*PROMPT*
Please begin with the line containing "Хотела нырнуть с разбегу" and reproduce each line exactly until the records below end, without any pictures.
** MATERIAL PROVIDED follows **
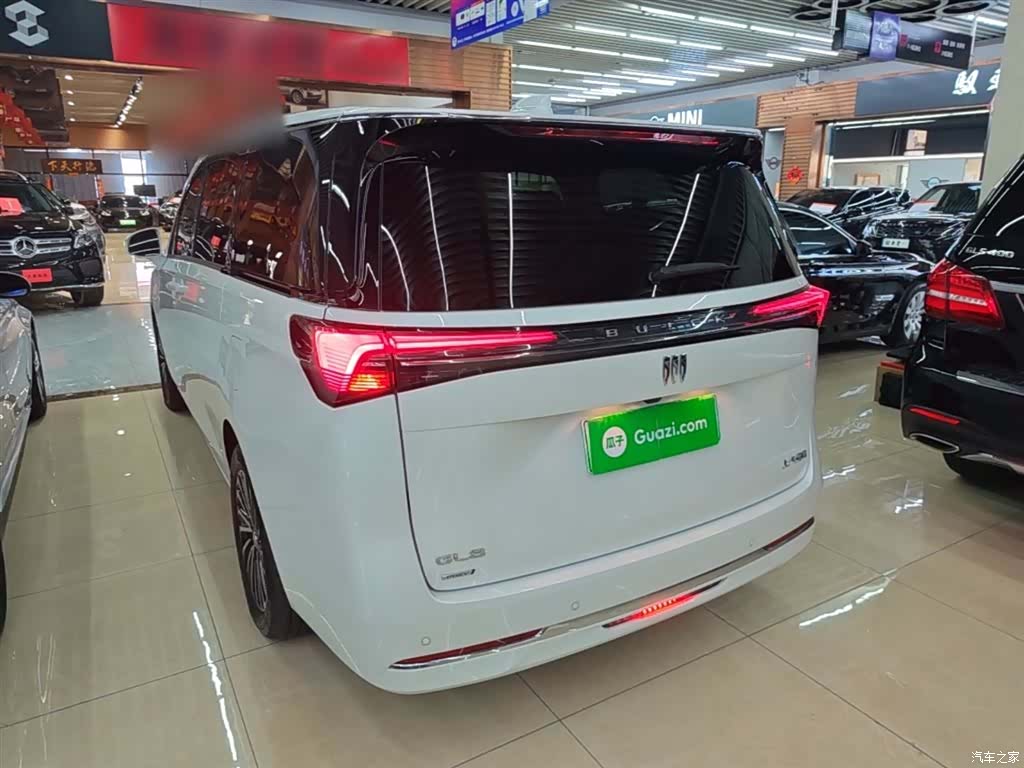 Buick GL8, 2026 все фото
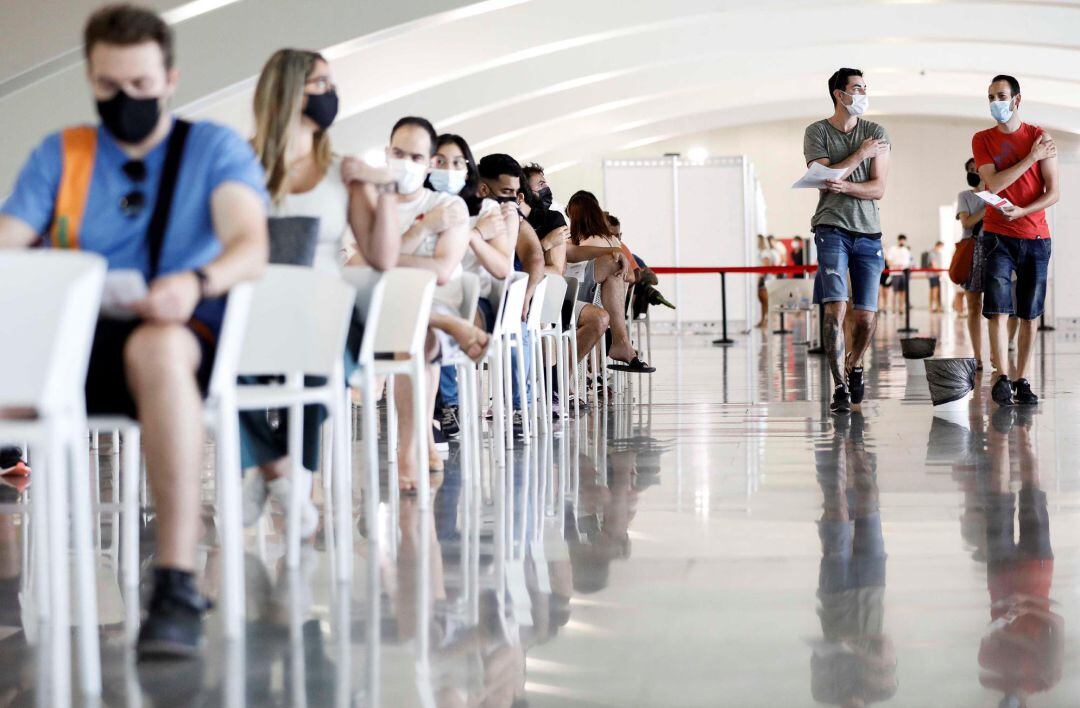 Numerosas personas esperan por si tuvieran alguna reacción tras recivbri su dosis de vacuna este pasado miércoles en la Ciudad de las Artes y las Ciencias de València.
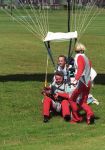 De Cocksdorp Texel, 13 Juni 1997
Opening van de eerste 9 hole Golfbaan de Texelse door Guus Hiddink die met een parachute naar beneden kwam en de opening verrichte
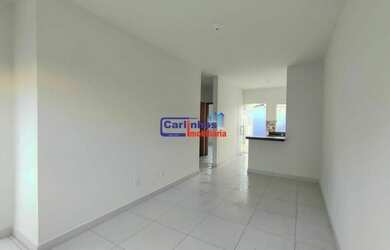 Imagem: A casa possui 2 Dormitórios, 1 Banheiro, 2 Vagas na garagem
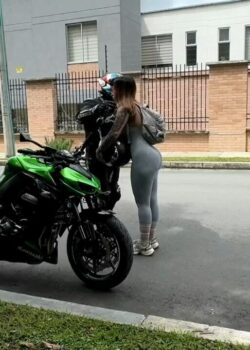 se la llevan al MOTEL para follarla 18
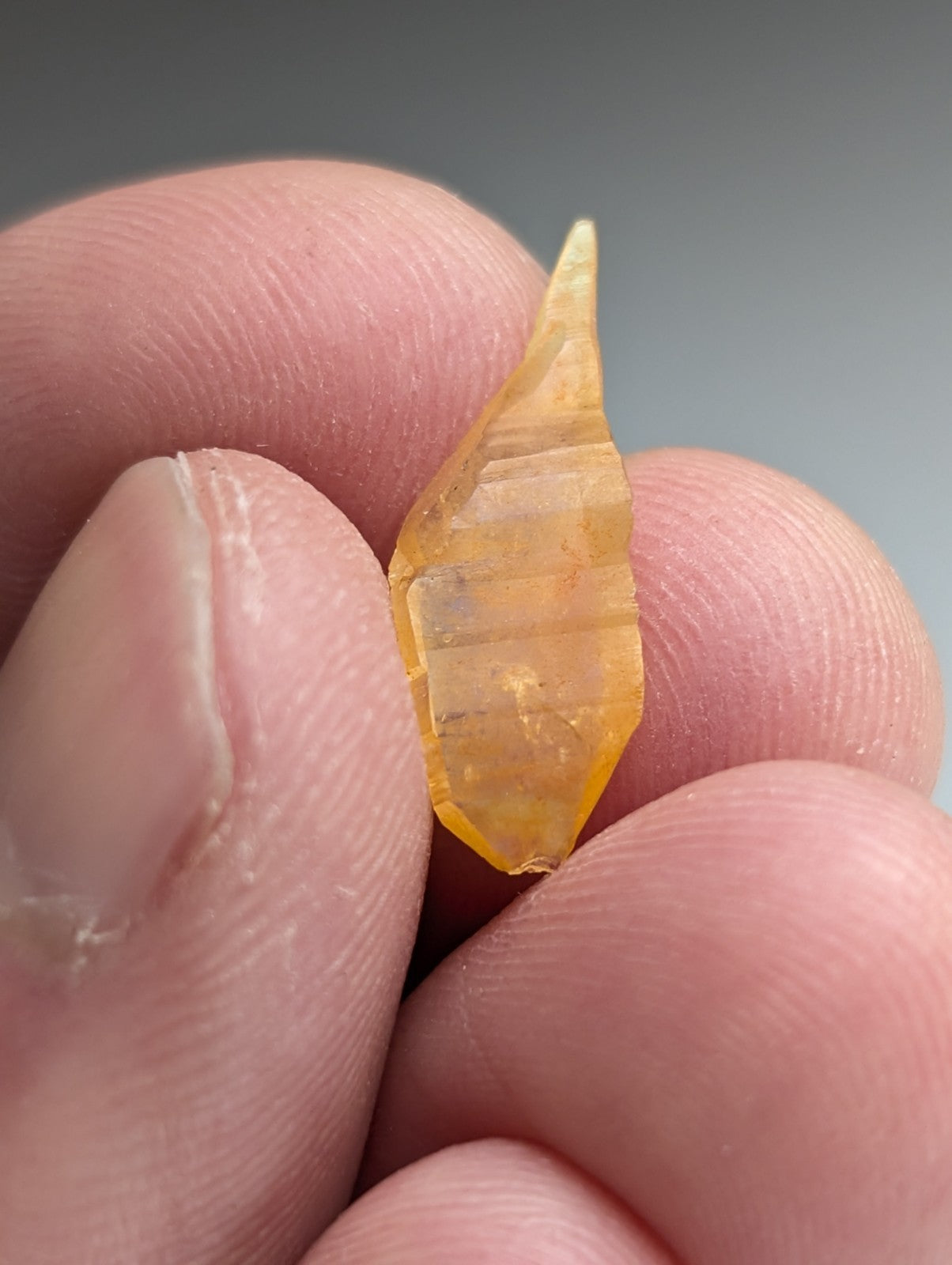 Set of 8 Double Terminated Quartz Crystals from Garland County, Arkansas , A+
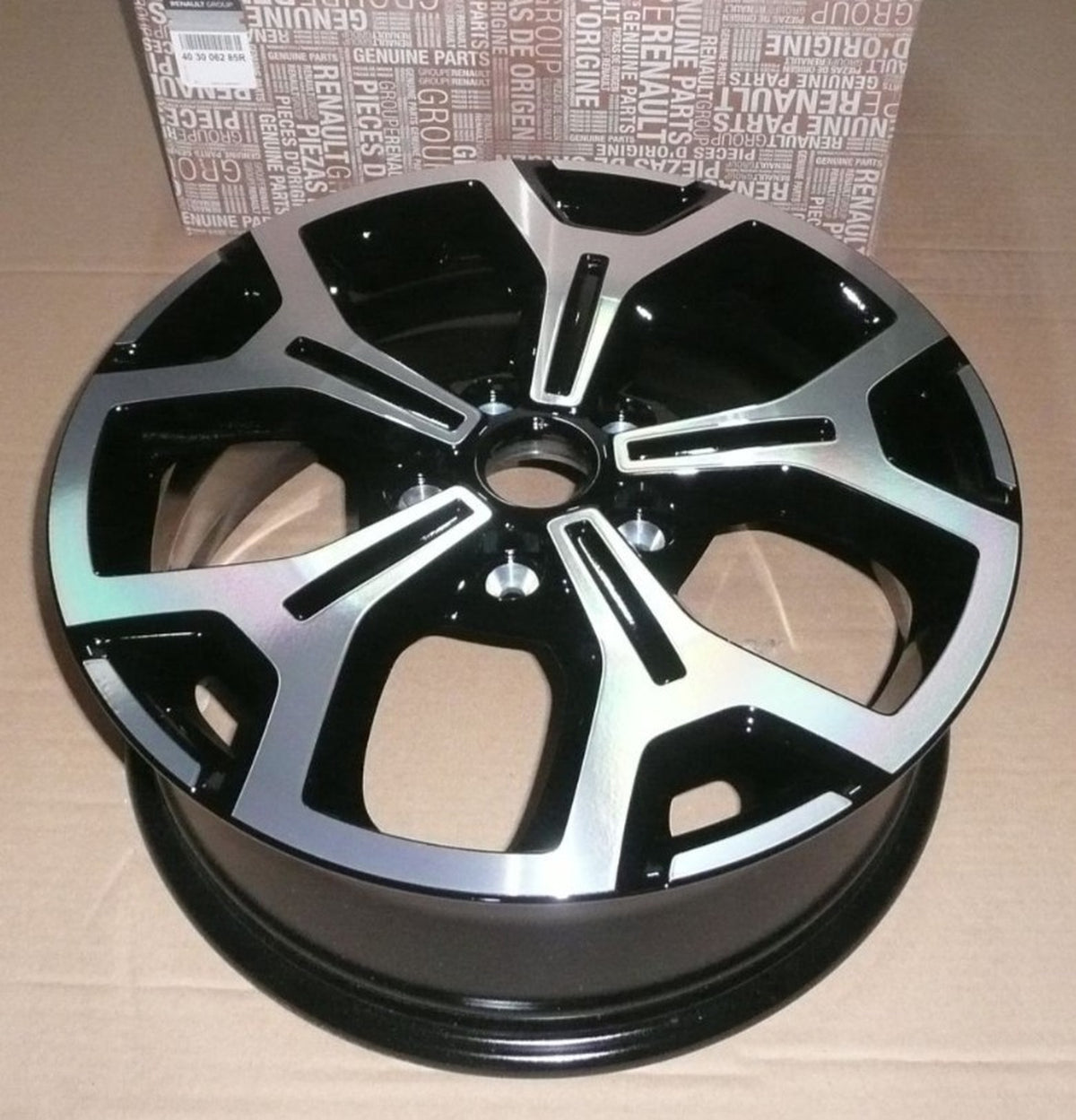 Renault 17 İnç Alüminyum Jant Mais 403006285R - product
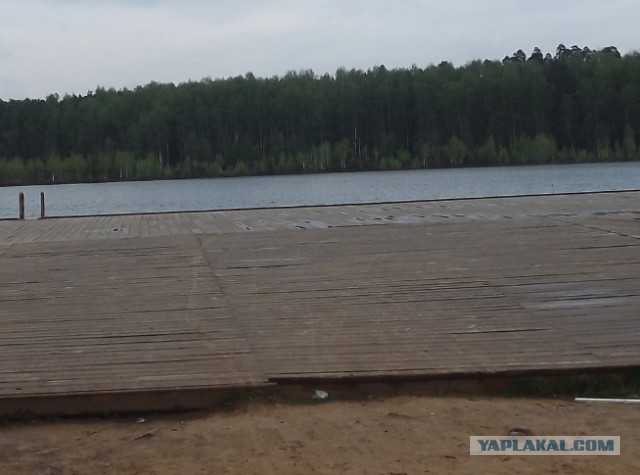Хотела нырнуть с разбегу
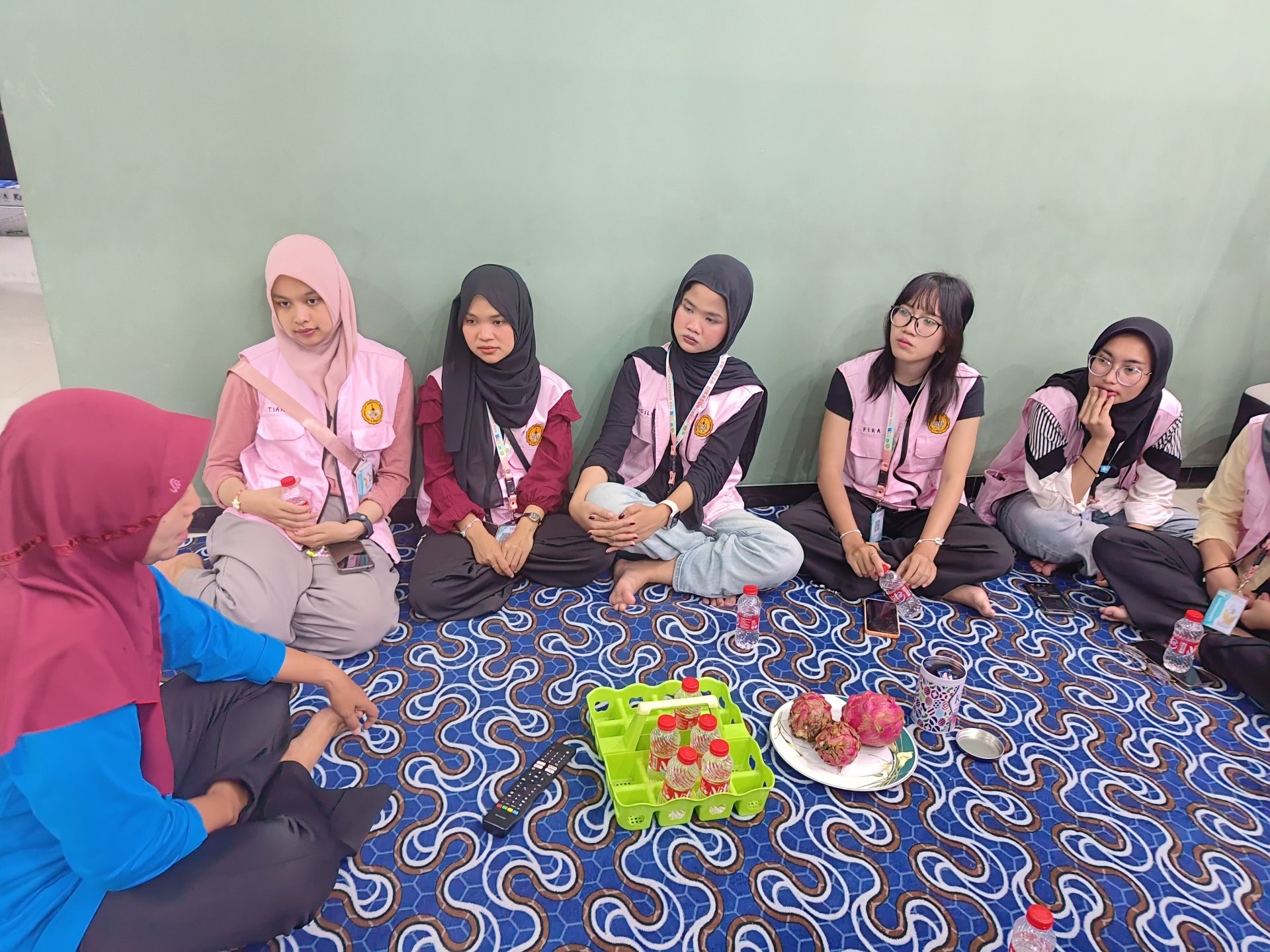 Kunjungan dan silaturahmi ke ketua Fatayat Desa Sikasur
** End of MATERIAL PROVIDED **
*YOUR RESPONSE*
Хотела нырнуть с разбегу
 Kunjungan dan silaturahmi ke ketua Fatayat Desa Sikasur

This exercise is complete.